Пользуясь и парусами, и мотором, мы пошли дальше по Тронхеймскому фарватеру и дальше к северу от Фолла, вдоль Хельгеланна[15].
Плавание вдоль нурланнского побережья всегда одинаково прекрасно. С каждым разом впечатление оказывается даже сильнее.
Бесконечная смена тысяч островков и шхер, разбросанных кругом, долгая белая ночь… Синее шелковое море, прекрасное, как мечта, солнечный диск из расплавленной меди вдали на морском горизонте, красно-желтый зыбкий столб света на атласной блестящей глади, горные цепи с макушками и ледниками, фьорды, врезающиеся в берега.
Над островками высится круглая тяжелая исполинская голова Торгхаттена с дырой во лбу. Днем глаз тролля неподвижно устремлен в сторону горы Лекамёйя[16] далеко на юге.

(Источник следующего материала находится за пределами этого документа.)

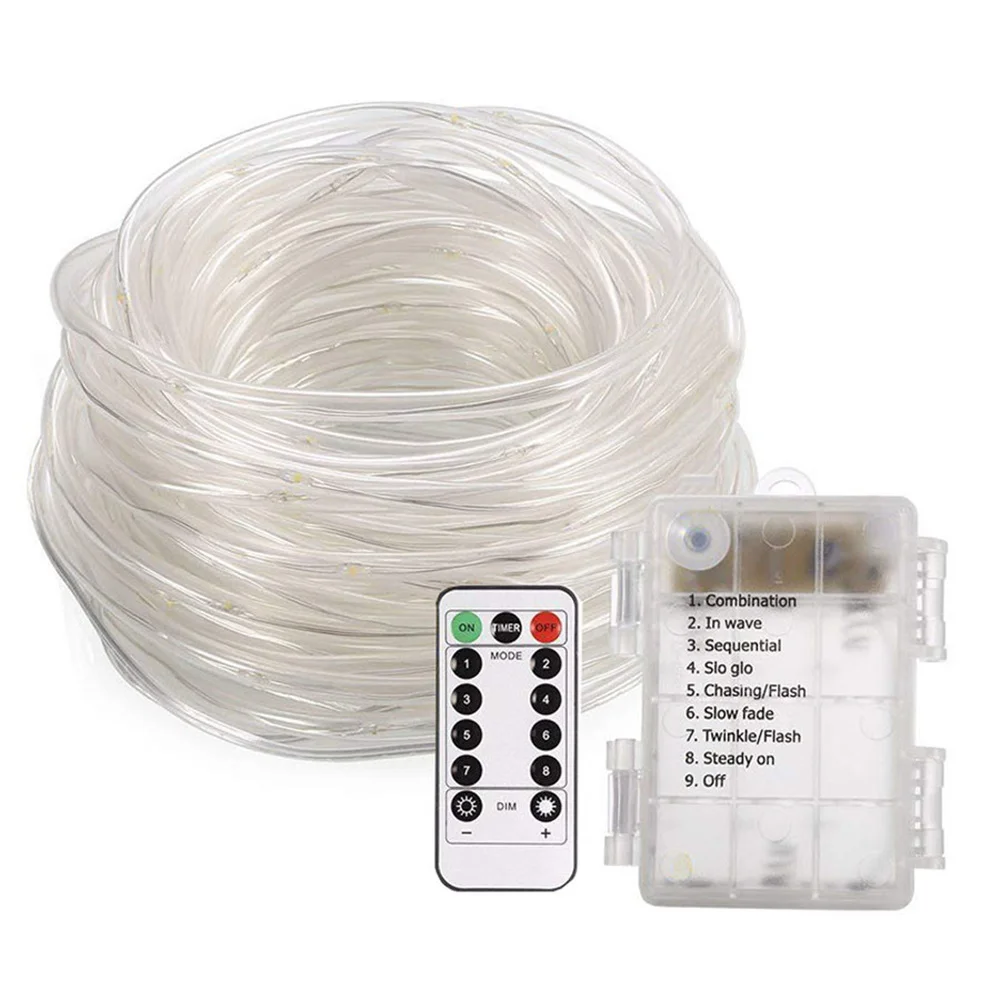 LED 로프 조명 크리스마스 스트링 라이트 원격 30M 300LED 8 모드, 색상 변경 실내 야외 방수 스트립 패어리 라이트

В прозрачном воздухе до сих пор еще звучит эхо «Хаконармола» и «Холоигьятала» – древних песен скальда Эйвинда Скалдаспиллера[17] из плодоносной Твотты:
Там же проживал и сын Эйвинда, мудрый нурланнский вождь Харек, ставший на сторону народа против короля Олафа, проповедника бога-Христа.

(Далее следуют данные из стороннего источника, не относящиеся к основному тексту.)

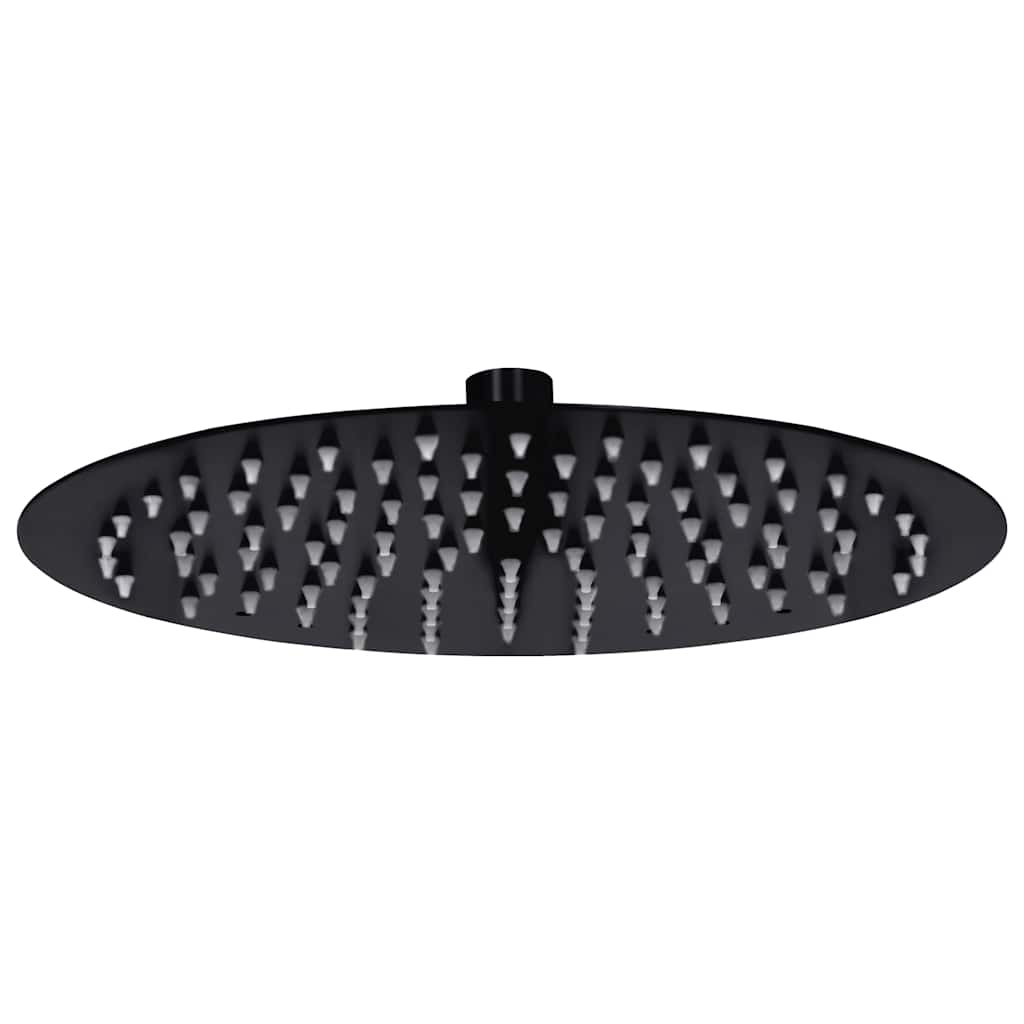 147691 vidaXL Rain Shower Head Stainless Steel 25 cm Round Black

Дальше к северу в величавом одиночестве восседают Шу-сёстре[19]. Они глядят на море и ждут женихов, чтобы заключить их в свои могучие объятия, когда буря примчит их сюда. Но подальше к северу грозно стоят на страже ревнивый Дёнманн и каменные великаны Томма и Люрёй. А за ними из вод морских подымается во всей своей мощи Хестманн («Всадник»). Плащ падает тяжелыми складками с его плеч на спину коня; нагнувшийся вперед всадник устремляется в небо, словно хочет доскакать до солнца по огромной водной равнине. Это встает из моря сама сказка.